When selecting a sample size, the question is: How much sampling error is acceptable? If you go to the sampling error calculator on my business website, you'll find that, at the 95% confidence level, a sample of 400 has about ±4.9% sampling error. This means that if 50% of your sample agrees or disagrees on something, the "real" percentage is between 45.1% and 54.9%. That isn't too bad for a radio research project.
Now, if you calculate the error for a sample of 500, you'll see that sampling error is about 4.4%. Is the reduction of ±0.5% important? The "real" answer would fall between 45.6% and 54.4%. Will this significantly improve your analysis and use of the data? If so, then you should use a sample of 500. However, you might also look at other sample sizes—what about 300 (±5.7% error) or 350 (±5.3% error) or 425 (±4.8% error)? There is no rule or guideline stating that you must use 400 or 500 respondents.
Data Analysis and Use. The reason sample sizes of 400 and 500 are customary in media research relates to how the data are interpreted. In most situations, media research data are displayed in typical marketing age cells: 18-24, 25-34, 35-44, and 45-54. They are also usually broken down by male and female, which produces a total of 8 cells.
Statistical convention indicates that a sample of 50 is the smallest that should be used to provide valid and reliable indications of things, so this, therefore, produces a total sample of 400. At some time in the past, someone decided that a sample of 500 sounds better, and that's the reason for the other typically used sample size. A reduction of ±0.5% error in a behavioral research study is not a valid reason to increase the sample by 100 people.
"But wait a minute," you might ask, "What's the deal with 50 people per cell? Isn't that too small?" No, it isn't if you have good screener questions to recruit your respondents. Let me explain.
The cause of sampling error is variance (differences) among the respondents. The more the respondents are alike, the lower the variance, and, therefore, sampling error; the wider the variance, the larger the sampling error. For example, if you conducted a study with people between the ages of 12 and 65, you would find a huge amount of difference among the respondents. The young kids' responses would be nothing like the older folks, and the sampling error would be astronomical. A huge sampling error virtually guarantees that it will be difficult, if not impossible, to generalize the results to the population from which the sample was drawn.
Now, if we introduce screener questions (filter questions), we can reduce the amount of variance. For example, instead of investigating everyone from the ages of 12 and 65, let's say we only include women 18-34 (two filters). Then we could add listening to a specific radio station or radio format (one filter, but a big one). We could also add that the women listen to the station or format for at least one hour each day. (four filters total)

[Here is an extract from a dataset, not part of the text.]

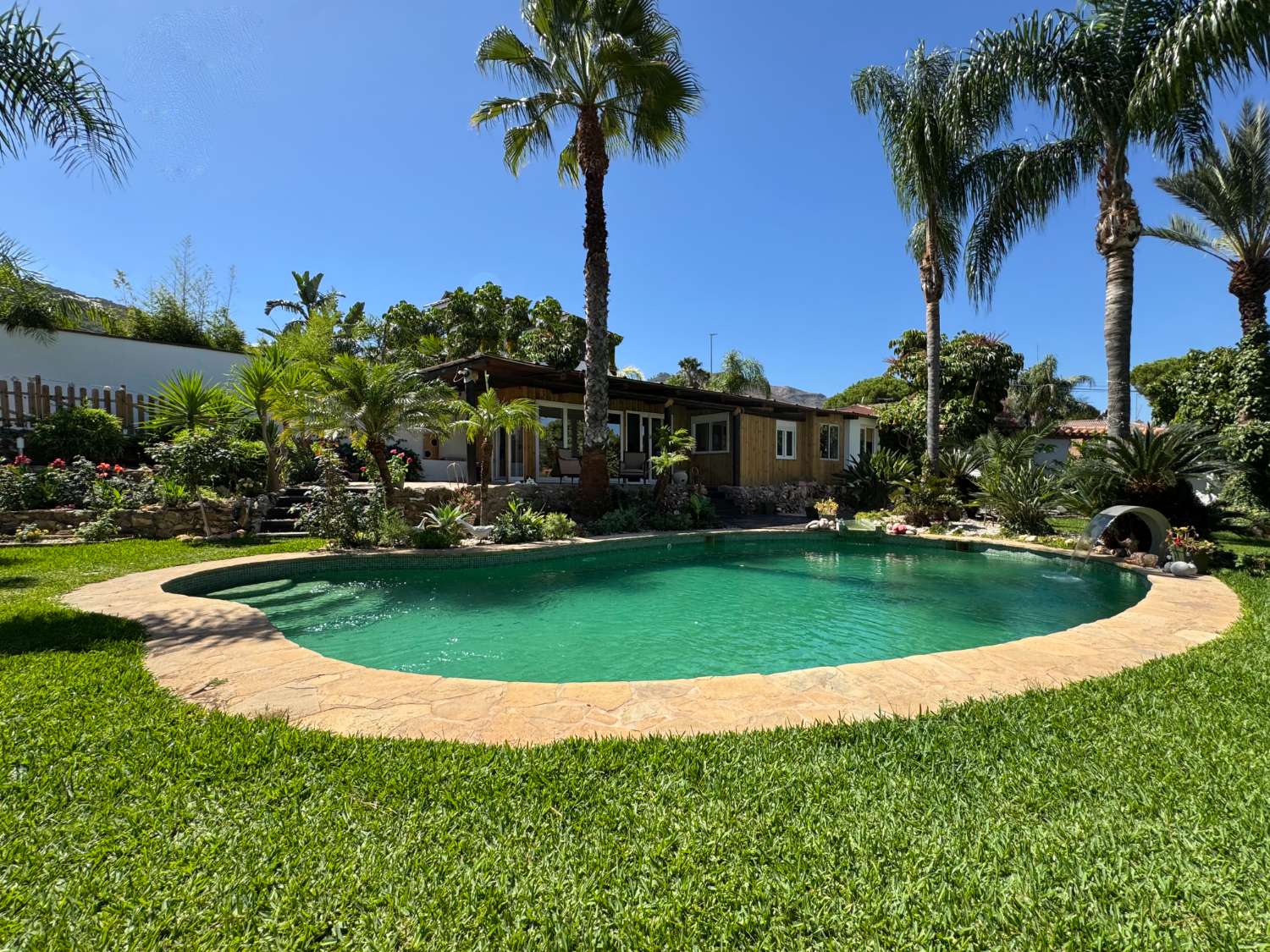 Villa till salu i Alhaurín de la Torre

Do you see what happens with screener/filter questions? They naturally reduce variance among the respondents, and this reduces sampling error. In reality, this is done with virtually all research, so even though the sampling error calculator says that a sample of 400 has a sampling error of about ±4.9%, it's actually less than that because of the screeners included in selecting the respondents who participate in research projects. With good screeners, I would imagine that sampling error could probably be reduced by 50%. This means that although the sample error calculator indicates a sampling error of ±13.9% for a sample of 50, in reality, it is probably about ±7.0%. Good screeners/filters allow you to use smaller samples.
But there is a caveat here. What you don't want to do is include too many screeners/filters. Why? Because if you add too many, you'll wind up looking for the proverbial "needle in a haystack." I have seen research projects include so many screeners/filters that it was virtually impossible to find qualified people. So don't get carried away.

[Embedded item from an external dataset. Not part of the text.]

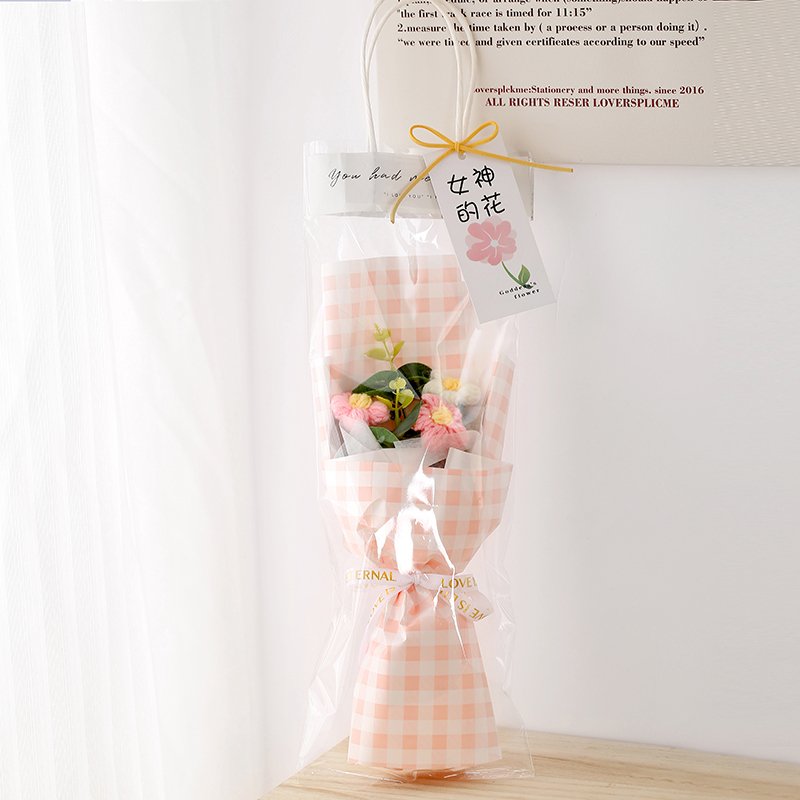 2024 New Hot Sale Flowers Bouquet Handmade Knitted Bouquet with Fairy String Lights for Valentine's Day Gift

Cost. The last of the three main criteria for selecting a sample size relates to how much money you have to spend for the project. In perceptual studies and callout, costs are based on: (1) sample size; (2) length of interview; and (3) difficulty in finding qualified respondents (known as incidence).
If you decide to use a sample of 500 instead of 400, expect to pay several thousand dollars more for the study. Do you understand the relationship between sampling error and cost? Are you willing to pay several thousand dollars more to decrease error rate by only ±0.5%?
That's a very brief discussion of these three items. There are other things to consider, but I hope this helps you with your decision.
Sample Size and Z-scores
1. What sample size do you recommend for an auditorium music test and if you test less than you recommend, at what point are the data no longer considered reliable?
2. In my format (Modern AC) we typically only get about 30 80's songs to test well. We haven't used Z-Scores to compare (as you say) apples to oranges, or 80's to currents. If a good testing current scores a 3.5 and an average testing 80's record scores a 2.3 but both score a 1.5 in their respective clusters are they to be considered equal?
3. Did you ever get a copy of Ries & Trout's "22 Immutable Laws of Marketing?"- Andy
Andy: Answer 1: Since a music test uses a measurement procedure known as "repeated measures," you can get away with a smaller sample than other types of research. However, regardless of the type of research you conduct, you should "back into" your sample size.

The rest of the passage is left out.